Among others, there are some factors regarded as “unfavorable” during the assessment:
- The applicant is obligated to pay 50 percent or more of the income to a resident of a third country (region) within 12 months from receipt of the income. “Obligated” shall include agreed obligations and de facto payment even though there is no agreed obligation;
- The business activities undertaken by the applicant do not constitute substantive business activities like manufacturing, sales and marketing, and management (including Investment holding management);
- The counterparty country (region) of the tax agreement does not levy tax or exempts tax on the relevant income, or the actual levy rate is very low;
- Aside from loan contracts upon which interest is derived and paid, there exist other loan or deposit contracts between the creditor and a third party which are similar in their terms of amount, interest rate, and date of execution, etc.; and
- Aside from contracts for the transfer of copyrights, patents, proprietary technologies, and other usage rights based upon which royalties are derived and paid, there exist contracts between the applicant and a third party pertaining to the transfer of copyrights, patents, proprietary technologies, and other usage rights or ownership.

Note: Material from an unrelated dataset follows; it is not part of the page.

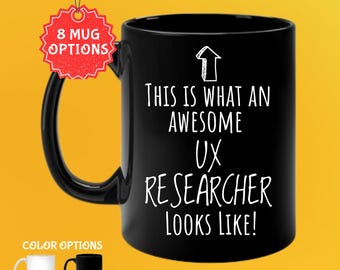 May include: Black 11 oz coffee mug with the text "THIS IS WHAT AN AWESOME UX RESEARCHER LOOKS LIKE!" in white. The mug has a black handle and is shown with white and black color options. The mug has a tag that says "8 MUG OPTIONS".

“Safe harbor rule” in beneficial owner determination
To reduce the burden on the applicants who want to enjoy DTA benefits, China tax bureaus created the “safe harbor rule”, where the applicant can be determined as a beneficial owner without going through a comprehensive analysis based on unfavorable factors upon satisfying certain conditions.
Under the current laws and regulations, the below applicants are subject to the safe harbor rule for their dividends, regardless of the assessment outcome based on the unfavorable factors:
- The applicant is a company that is a tax resident of a state that has a valid DTA with China (hereinafter, the DTA counterparty) and is listed in that jurisdiction;
- The applicant is the government of the DTA counterparty;
- The applicant is an individual who is a resident of the DTA counterparty; and
- The applicant is a subsidiary that is 100 percent directly or indirectly owned by one or more persons covered by the safe harbor rule (In the case the subsidiary is indirectly owned by the persons covered by the safe harbor rule, the multi-tier holders should be either Chinese residents or residents of the DTA counterparty).

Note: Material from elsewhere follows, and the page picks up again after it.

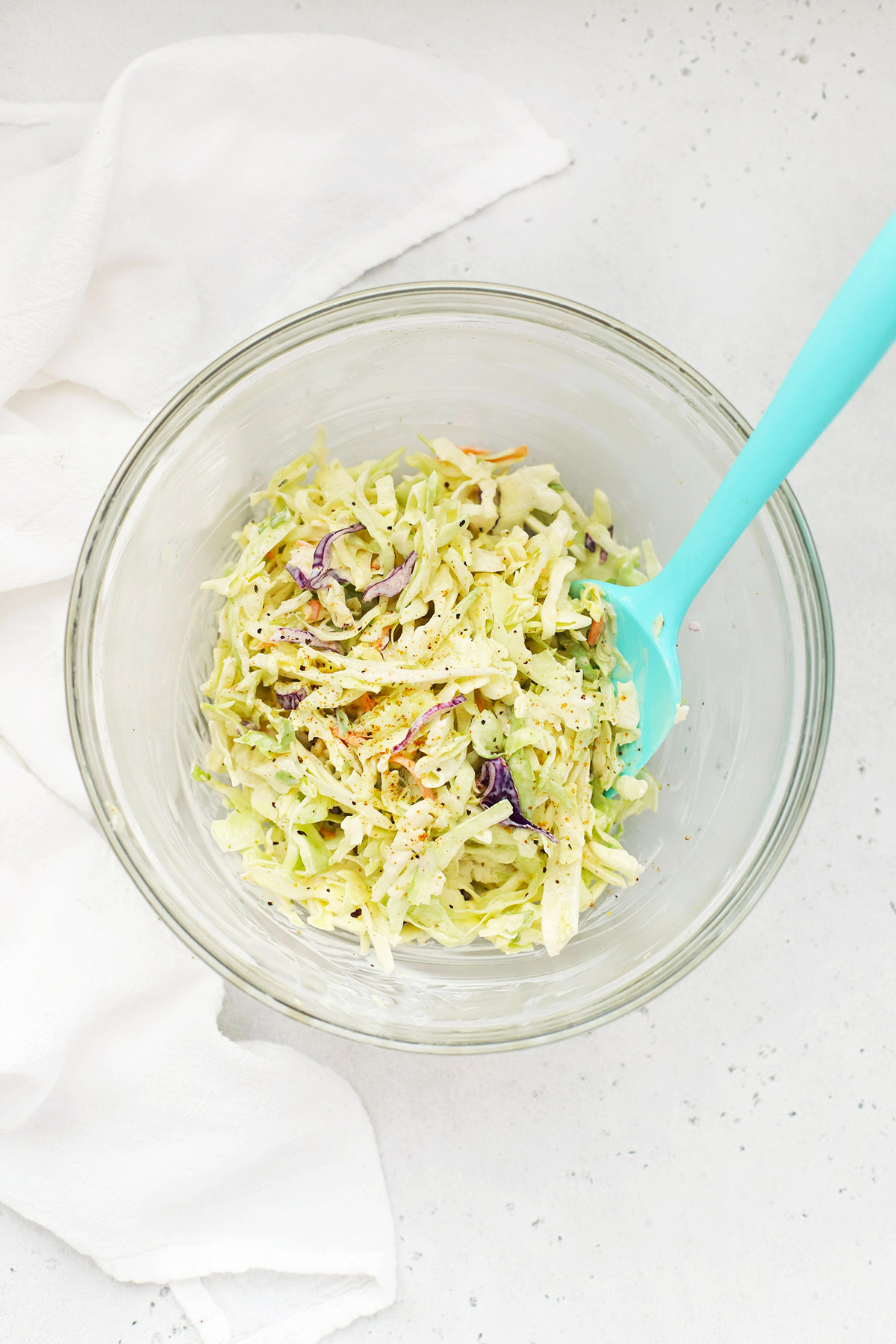 Overhead view of a bowl of coleslaw on a white background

Can an applicant still apply for a DTA if they neither pass the beneficial owner assessment nor are they eligible for the safe harbor rule?
For applicants deriving dividends from China who neither pass the beneficial owner unfavorable factor assessment nor are qualified to enjoy the safe harbor rule, there are other opportunities to qualify as beneficial owners.

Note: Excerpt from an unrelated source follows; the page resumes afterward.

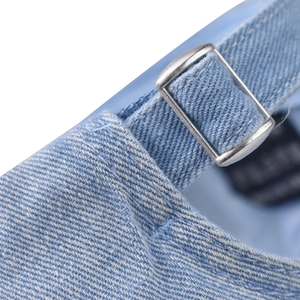 Detail of adjustable metal buckle and stitching on washed light blue denim baseball cap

Applicants deriving dividend income from China will still be deemed as a beneficial owner if the shareholder who directly or indirectly holds a 100 percent share of the applicant is a qualified beneficial owner who can enjoy the DTA benefits. Furthermore, the abovementioned shareholder should fall into either of the below circumstances:
- Circumstance I: Where the above-mentioned shareholder is a resident of the same country (region) for which the applicant is a resident, there is no special requirement for the intermediate shareholders (if any); and
- Circumstance II: Where the above-mentioned shareholder is not a resident of the country (region) for which the applicant is a resident, then the above-mentioned shareholder and any intermediate shareholders should be qualified to enjoy the same or better DTA treatment compared to that is entitled to the resident of the country (region) for which the applicant is a resident.